The spec mentions that MAXIMUM_GOSSIP_CLOCK_DISPARITY is set to 500 milliseconds as a placeholder and will be tuned based on testnet data. How do we want to validate this number?
The network agent didn’t receive blocks for 22% of the slots. I’m curious if there are that many skipped slots on the Witti testnet, or are clients frequently having to request missing blocks from peers?

Suggestions

Propagation of Old Blocks

Blocks that are several hundred seconds old are still being propagated on the network by peers. This isn’t isolated to a single peer; all of the agent’s peers are guilty of it - even ones that are successfully hosting a large number of validators. This tells me that when the occasional block arrives late, these peers have already requested it via rpc; however, they choose to forward the block bc they haven’t received it (or don’t remember receiving it) via gossip. I don’t see how propagating a block that is half a dozen (or more) slots behind is helping consensus? I suggest:

tightening the bounds defined in the spec for propagating old blocks.

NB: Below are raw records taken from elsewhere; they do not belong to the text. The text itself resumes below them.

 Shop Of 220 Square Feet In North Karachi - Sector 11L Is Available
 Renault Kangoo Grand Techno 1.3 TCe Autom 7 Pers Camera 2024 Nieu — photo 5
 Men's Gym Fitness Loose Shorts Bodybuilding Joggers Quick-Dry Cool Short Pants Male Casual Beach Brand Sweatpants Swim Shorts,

If clients are relying on the memcache in GossipSub to check for messages they have already seen, then it is possible that the history_length parameter is part of the problem. If this is the case, perhaps we should consider:

updating the history_length GossipSub param from 5 seconds to at least 12 seconds to match SECONDS_PER_SLOT.

benjaminion · June 18, 2020, 8:57pm

Re:

The network agent didn’t receive blocks for 22% of the slots. I’m curious if there are that many skipped slots on the Witti testnet

Beaconcha.in has some charts.

This is block production:

Eyeballing this suggests that 22% skipped slots looks is in the right ballpark. (Blue is proposed; green is skipped; orange is orphaned. The actual numbers are available on the charts page)

Not exactly the same, but a useful proxy, is participation via attestations. It should roughly reflect the number of validators offline:

In your June 10-13 period something around 20-25% of validators were not attesting, and probably not producing blocks either. These relatively low participation rates seem typical of the testnets; I’d expect people to try harder to keep validators up for the real thing.

Nashatyrev · June 19, 2020, 8:32am

19 peers and 11 additional received gossip blocks seems a bit excessive.

Do you mean 11 IHAVE messages? If yes, then it seems fine since Gossiping is relatively cheap (messages are small)

Nashatyrev · June 19, 2020, 8:59am

BTW you might be interested in gossip simulation results for reference values https://hackmd.io/ZMBsjqdqSAK026iFFu_2JQ

For default gossip options the average number of messages received by a host is 24 and the total size overhead is ~x6 (simulated network of 10K nodes): packetology numbers

jrhea · June 19, 2020, 2:53pm

Do you mean 11 IHAVE messages? If yes, then it seems fine since Gossiping is relatively cheap (messages are small)

No, these are full messages. I received ~11 blocks per slot

djrtwo · June 24, 2020, 1:55pm

You were not forwarding received messages, right? In such a case, none of your peers know you already received a message through normal gossip (only can learn via meta-data gossip), so I would expect extra deliveries.

As for the extremely large times in some message deliveries, this sounds like an implementation issue somewhere. Curious to see some more experimentation here

jrhea · June 25, 2020, 8:51am

Unfortunately, my agent didn’t have an easy way to log that data at the time, but I have gone back and looked up the peers. Looks like 12 of 19 were lighthouse and the rest I am unable to connect to anymore. I should be able try again on future testnets and will post a follow-up.